--- What needs to be done ---
Lines from the one with "this 640×480 image." to the end of the material, both included: print them exactly and print nothing else. Omit the pictures.

--- Given records ---
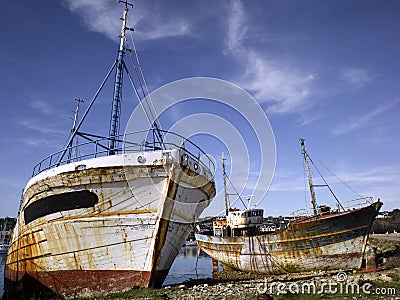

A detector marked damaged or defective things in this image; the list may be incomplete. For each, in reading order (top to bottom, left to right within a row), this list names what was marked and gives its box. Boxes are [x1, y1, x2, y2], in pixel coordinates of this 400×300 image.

rusty hull [3, 151, 216, 298]
rusty hull [196, 202, 382, 274]
rusted metal plate [196, 202, 382, 274]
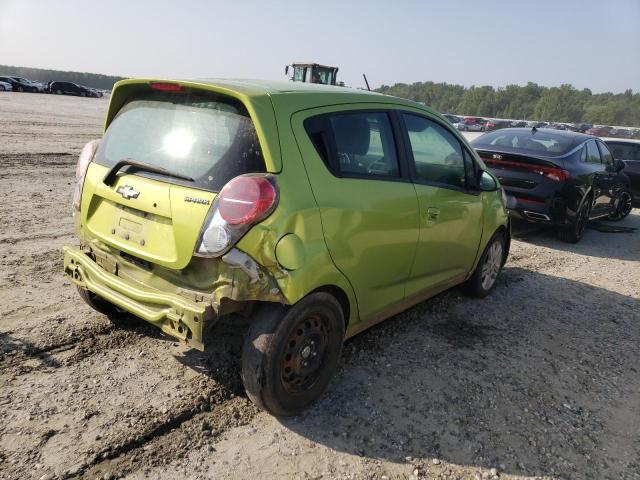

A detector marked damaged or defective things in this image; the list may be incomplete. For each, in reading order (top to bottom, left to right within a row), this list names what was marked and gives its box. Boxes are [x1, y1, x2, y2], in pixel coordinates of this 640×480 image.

crumpled rear bumper [63, 246, 208, 350]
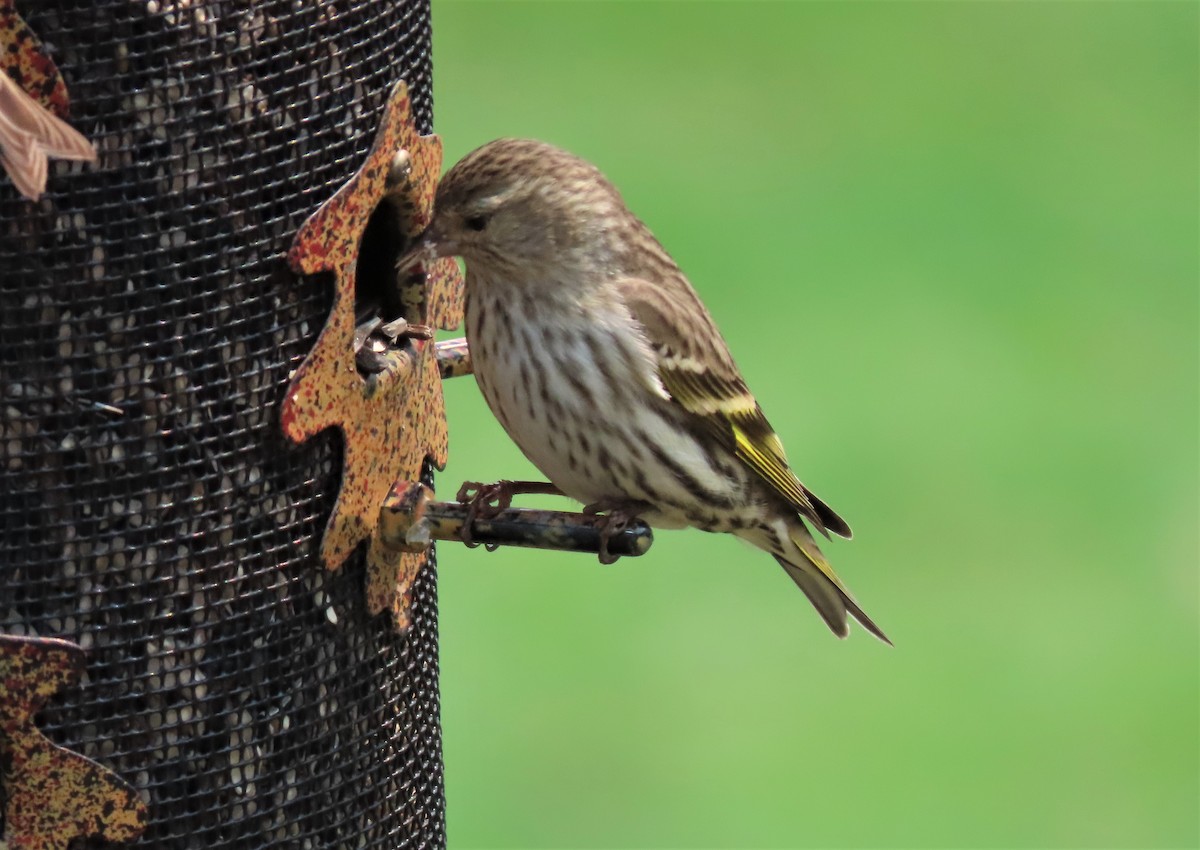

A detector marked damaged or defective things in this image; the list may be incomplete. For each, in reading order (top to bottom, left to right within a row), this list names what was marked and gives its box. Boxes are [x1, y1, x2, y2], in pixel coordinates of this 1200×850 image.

rusted metal surface [0, 0, 69, 115]
rusted metal surface [280, 81, 463, 629]
rusted metal surface [432, 336, 468, 379]
rusted metal surface [379, 485, 652, 564]
rusted metal surface [0, 633, 148, 845]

--- Answer for this exercise ---
A detector marked damaged or defective things in this image; the list may be incomplete. For each, in reading order (top to bottom, left to right within a row), this list names what was marked and gives its box. Boxes are [x1, y1, x2, y2], in pixel coordinates of this 640×480 image.

crumpled rear bumper [63, 246, 208, 350]

A detector marked damaged or defective things in this image; the list may be incomplete. For each, in reading order (top to bottom, left to right within a row), this list names what was marked and gives its box. Boxes are [x1, y1, x2, y2], in pixel coordinates of this 1200×850 image.

rusted metal surface [0, 0, 69, 115]
rusted metal surface [280, 81, 463, 629]
rusted metal surface [432, 336, 468, 379]
rusted metal surface [379, 485, 652, 564]
rusted metal surface [0, 633, 148, 845]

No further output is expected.